Instructions to follow ▸ Every line of the data must be copied exactly.

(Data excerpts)
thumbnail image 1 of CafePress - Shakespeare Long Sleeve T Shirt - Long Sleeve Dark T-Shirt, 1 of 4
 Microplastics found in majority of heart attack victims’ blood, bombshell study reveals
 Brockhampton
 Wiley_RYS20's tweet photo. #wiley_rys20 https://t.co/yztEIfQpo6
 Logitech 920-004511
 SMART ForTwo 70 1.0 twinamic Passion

Result ▸
thumbnail image 1 of CafePress - Shakespeare Long Sleeve T Shirt - Long Sleeve Dark T-Shirt, 1 of 4
 Microplastics found in majority of heart attack victims’ blood, bombshell study reveals
 Brockhampton
 Wiley_RYS20's tweet photo. #wiley_rys20 https://t.co/yztEIfQpo6
 Logitech 920-004511
 SMART ForTwo 70 1.0 twinamic Passion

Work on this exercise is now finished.